German mathematician

Georg August Nöbeling (12 November 1907 – 16 February 2008) was a German mathematician.

== Education and career ==
Born and raised in Lüdenscheid, Nöbeling studied mathematics and physics at University of Göttingen between 1927 and 1929 and University of Vienna, where he was a student of Karl Menger and received his PhD in 1931 on a generalization of the embedding theorem, which for one special case can be visualized by the Menger sponge. Nöbeling worked and researched in Menger's Mathematical Colloquium with Kurt Gödel, Franz Alt, Abraham Wald, Olga Taussky-Todd and others.

In 1933, he moved to the University of Erlangen, where he habilitated in 1935 under Otto Haupt and obtained a professorship at the same place in 1940. His work focused on analysis, topology, and geometry. 1968/1969 he solved Specker's theorem on abelian groups.

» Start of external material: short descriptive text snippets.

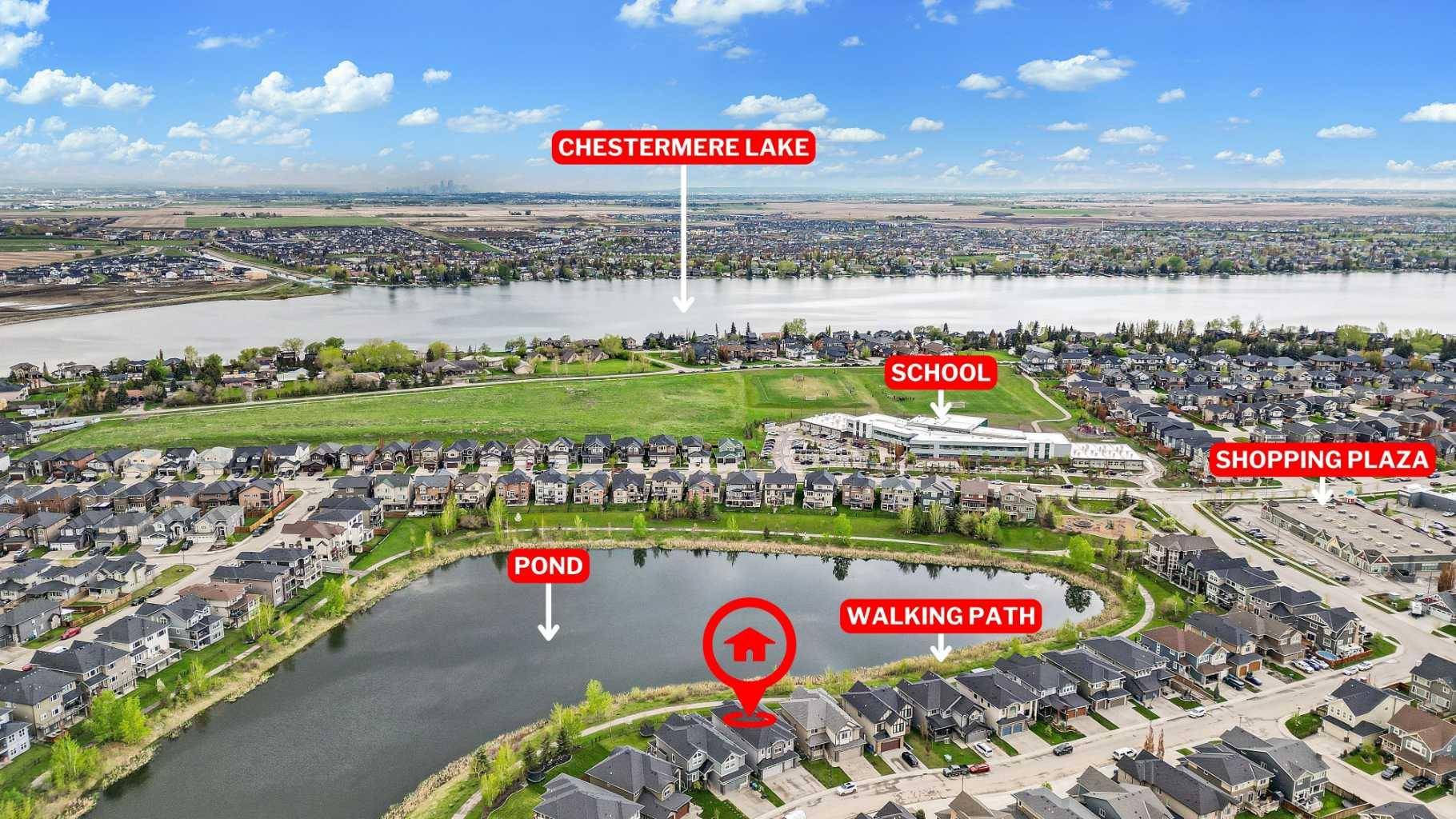 Chestermere, AB T1X 0V1,144 Kinniburgh LOOP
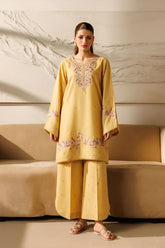 BATIK-2PC LAWN EMBROIDERED SHIRT WITH LAWN TROUSER-W.J-221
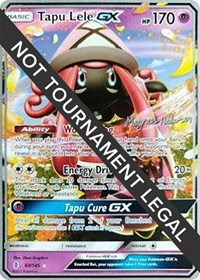 Tapu Lele GX - 2018 (Magnus Pedersen) - World Championship Decks - #60 - Pokemon TCG card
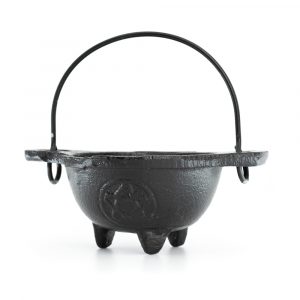 Witch Cauldron Robust Pentagram (85mm Ø)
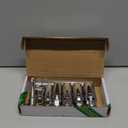AEROFORCE 3/8-Inch Drive Spark Plug Socket Set 8PCS - Includes 6 Point Sockets 5/8-inch, 3/4-inch and 13/16-inch, 12 Point Sockets 14mm&18mm, 2 Extension Bars,Universal Joint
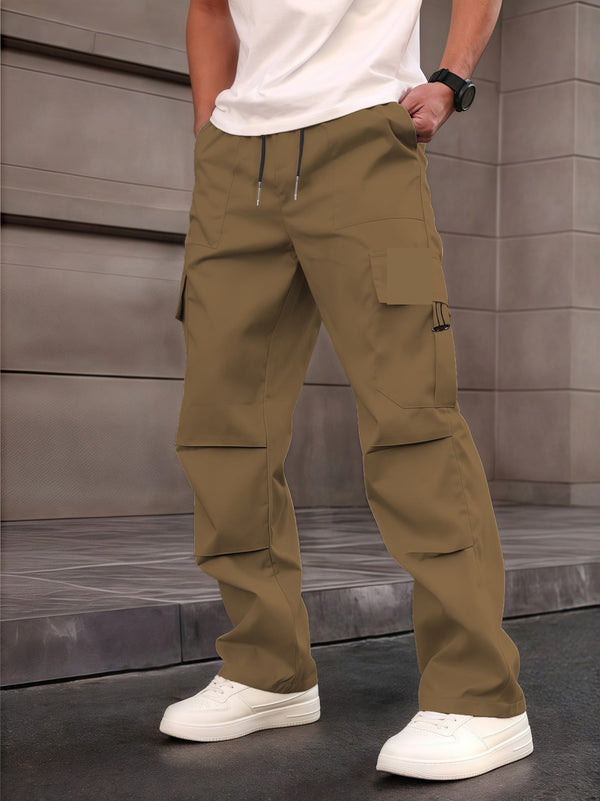 Men's Straight-Leg Utility Cargo Pants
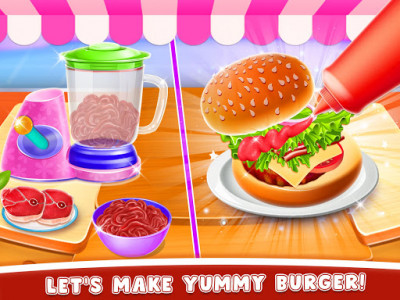 اسکرین شات برنامه Fast Food Burger Meal Maker 8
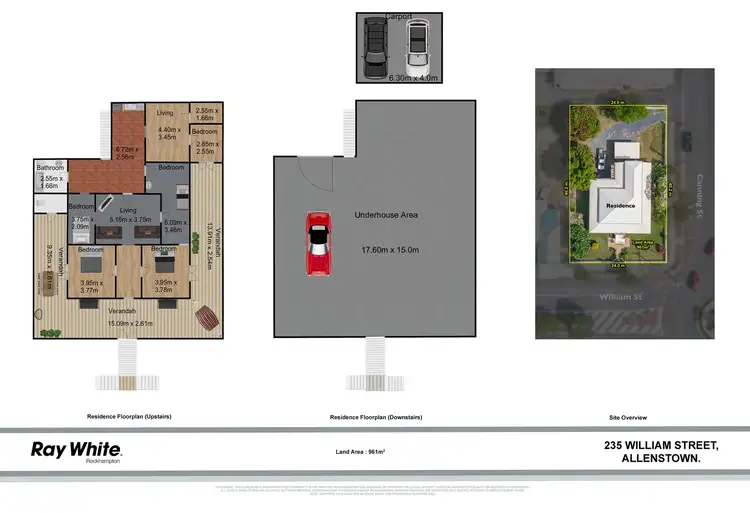 Floorplan of Homely house listing, 235 William Street, Allenstown QLD 4700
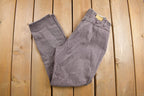 Vintage 1990s LEE Brown Tapered Mom Jeans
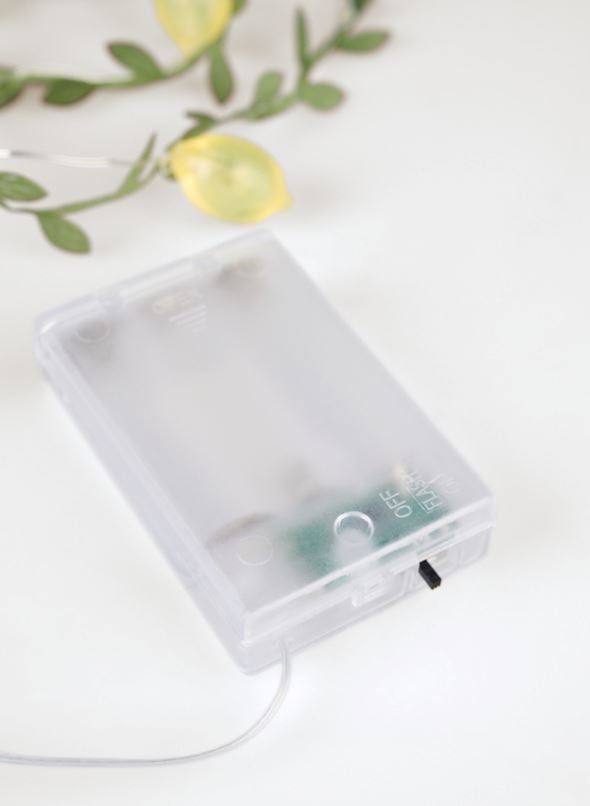 Led-ljusslinga multi/grön - 3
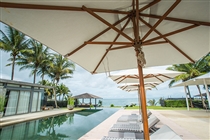 Pool and seaview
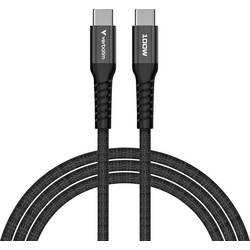 Verbatim Handy Kabel [1x USB-C® Stecker - 1x USB-C® Stecker] 1.2 m USB-C® mit Magnetanschluss 31863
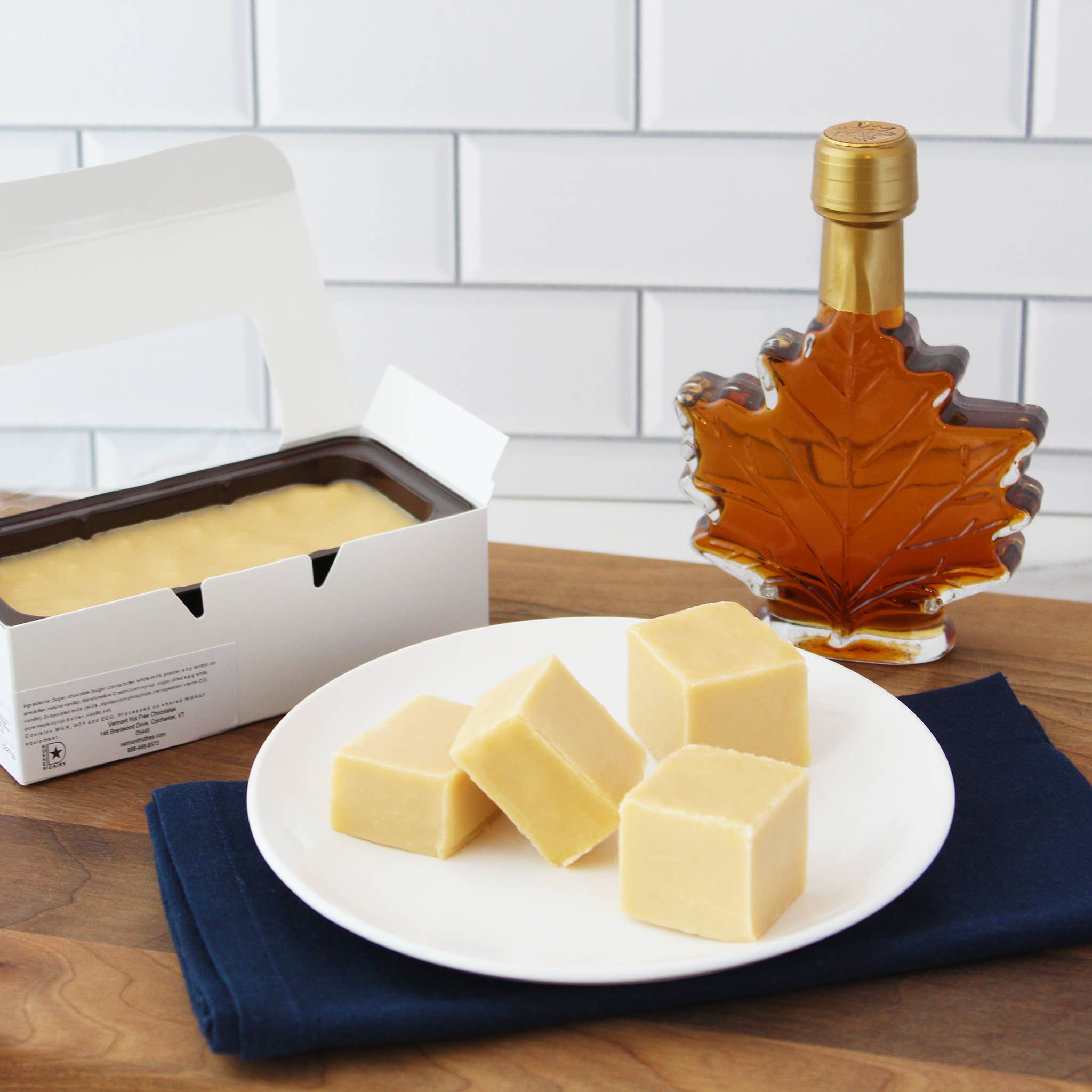 Vermont Nut Free Chocolates - Wholesale Fudge - Fudge7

As Rector (1962–1963) of the University of Erlangen he oversaw the merge with the business college in Nuremberg. He also served twice as the chairman of the German Mathematical Society and is a member of the Bavarian Academy of Sciences and Humanities. He celebrated his 100th birthday in 2007.

== Publications (selected) ==
- Georg Nöbeling: "Über eine n-dimensionale Universalmenge im $\mathbb{R}^{2n+1}$ (on a n-dimensional universal set for metric spaces in $\mathbb{R}^{2n+1}$." Mathematische Annalen 104 (1931), pp. 71–80.
- Georg Nöbeling: "Verallgemeinerung eines Satzes von E. Specker (Generalization of a Theorem by E. Specker)". Inventiones mathematicae 6 (1968), pp. 41–55.